The current plans “demonstrate little ability to cope adequately with failure without some form of government support,” FDIC Vice Chairman Thomas Hoenig said in a statement. “The economy would almost surely go into crisis.”

The FDIC officially deemed the 2013 plans “not credible” -- an important phrase under the law. Before 2015, the banks should develop a “less complex legal structure” and amend financial contracts, including for derivatives, to provide regulators more time to resolve a failing institution, the agencies said. They added that they’re willing to use Dodd-Frank powers to force changes if they have to.

The banks -- which also include Bank of America Corp., Morgan Stanley, Citigroup Inc., Deutsche Bank AG, Barclays Plc, Credit Suisse Group AG, UBS AG, State Street Corp. and Bank of New York Mellon Corp. -- were sent letters outlining specific deficiencies the agencies want them to fix.

The industry expressed irritation that the firms didn’t get more direction from regulators before filing their most recent plans last month.

 'CLEAR DIRECTION'

“Financial institutions need clear and timely direction from the regulators,” Alison Hawkins, a spokeswoman for the Washington-based Financial Services Roundtable, said in an e- mail. “Financial companies have more capital and are stronger than before the crisis and want clear guidance to ensure they are meeting regulatory expectations.”

Spokesmen for the individual banks declined to comment.

Already, banks have sold and shuttered businesses they deemed non-core, not profitable enough or which drew regulatory scrutiny. New York-based JPMorgan, the biggest U.S. bank by assets, agreed to sell its physical commodities unit for $3.5 billion in March. Charlotte, North Carolina-based Bank of America has sold stakes in Brazilian, Chinese and Mexican lenders and overseas credit-card and wealth-management units.
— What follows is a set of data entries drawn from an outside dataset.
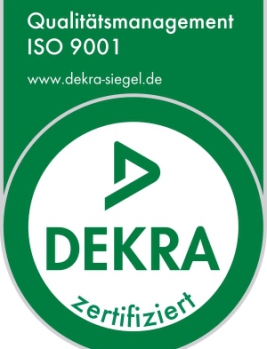 DEKRA – Qualitätsmanagement ISO 9001 zertifiziert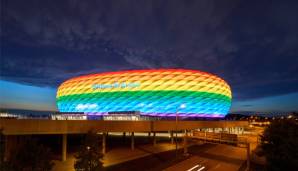 Die UEFA hatte bei der EM 2020 verboten, dass die Allianz Arena gegen Ungarn in Regenbogenfarben leuchtet.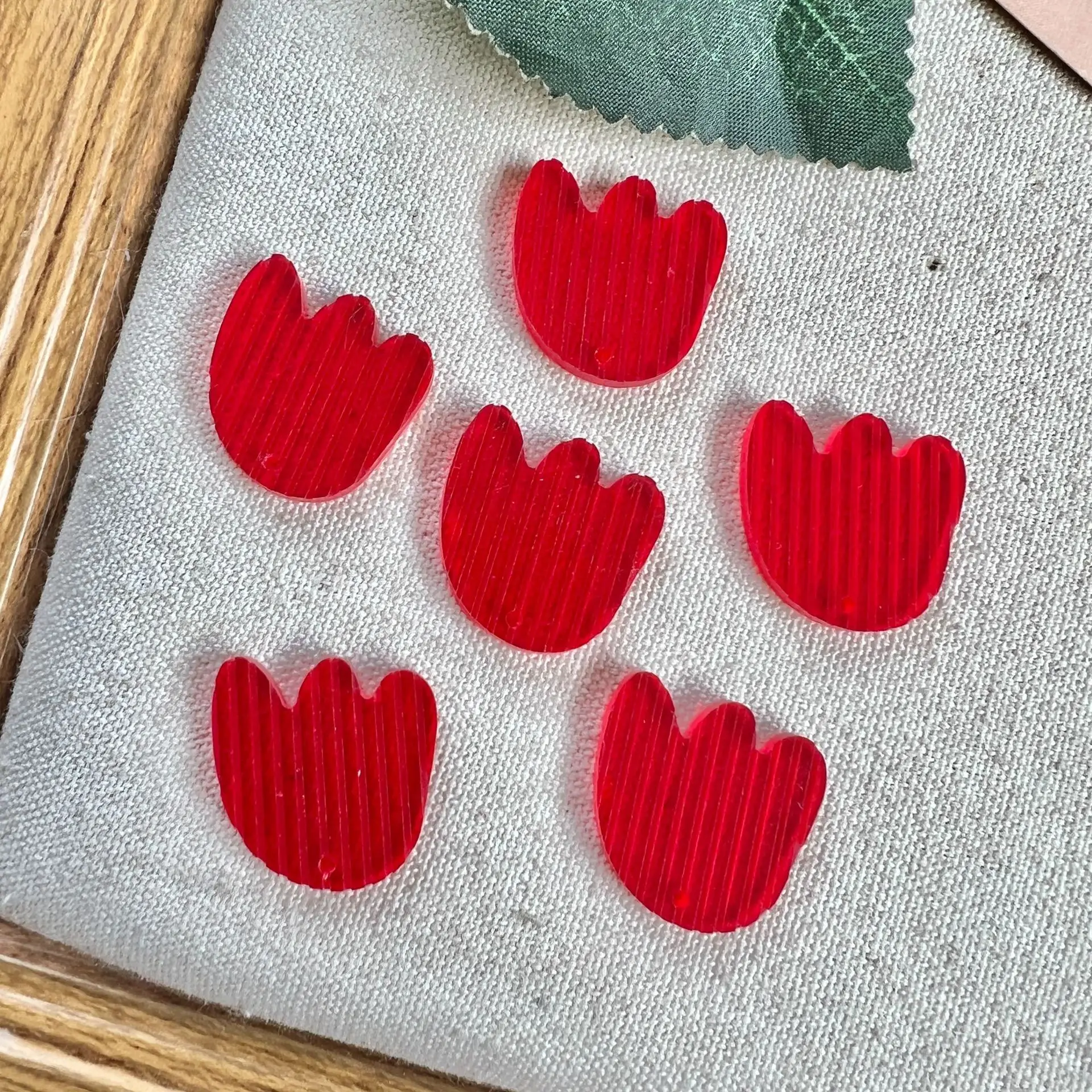 20pcs Acrylic Fower Patch Flat Back Resin Cabochons Diy Phone Case Hair Clip Earrings Accessories Jewelry Findings Decorations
European lenders including London-based Barclays and Zurich- based UBS have scaled back fixed-income operations.

'LIFE SUPPORT'

Lawmakers have pressured the agencies to be tough.

“Too Big to Fail is alive and well,” Senator Sherrod Brown, a Democrat of Ohio, said in an e-mail. “The FDIC’s statement that these living wills are not credible means that megabanks will live on taxpayer life support in the event of a crash.”
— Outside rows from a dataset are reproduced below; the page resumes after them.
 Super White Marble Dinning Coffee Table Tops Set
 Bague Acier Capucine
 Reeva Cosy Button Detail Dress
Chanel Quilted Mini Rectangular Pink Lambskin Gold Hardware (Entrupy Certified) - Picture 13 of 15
At a congressional hearing last month, Senator Elizabeth Warren, a Massachusetts Democrat, pressed Fed Chair Janet Yellen to make the living wills convincing.

“Can you honestly say that JPMorgan could be resolved in a rapid and orderly fashion as described in its plans with no threats to the economy and no need for a taxpayer bailout?” Warren asked at the July 15 hearing.
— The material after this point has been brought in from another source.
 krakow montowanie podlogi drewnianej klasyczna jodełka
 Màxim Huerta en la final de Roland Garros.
“I think what we need to do is to give them a road map for where we see obstacles to orderly resolution under the bankruptcy code,” Yellen said in response.

REVISING CONTRACTS

Regulations already in the works may help fix some of the biggest shortcomings. The Fed is writing a rule to require banks hold a minimum amount of long-term debt at the parent company to absorb losses in a failure. The agencies have also been working with the International Swaps and Derivatives Association to revise swaps contracts to require trading partners to delay calling in collateral during a failure.

David Kass, a professor at the University of Maryland’s Robert H. Smith School of Business, said it would be best for the banks to make these changes voluntarily before they are forced to by the regulators.

“This is potentially of major consequence to the banks if they fail to respond to these concerns,” Kass said. “Each bank receiving this letter needs to address each deficiency and do it in a way that is convincing.”

Michael Krimminger, a former FDIC general counsel who represents banks at Cleary Gottlieb Steen & Hamilton LLP, pointed out a difference in language that he found important: Only the FDIC said the bankruptcy plans were “not credible”; the Fed only called for the companies to make changes and show them in the next plan.

“There’s clearly a difference of view between the FDIC and the Federal Reserve,” Krimminger said.

The Fed said its response is in keeping with a 2011 promise to let the process evolve without being overly aggressive about deficiencies.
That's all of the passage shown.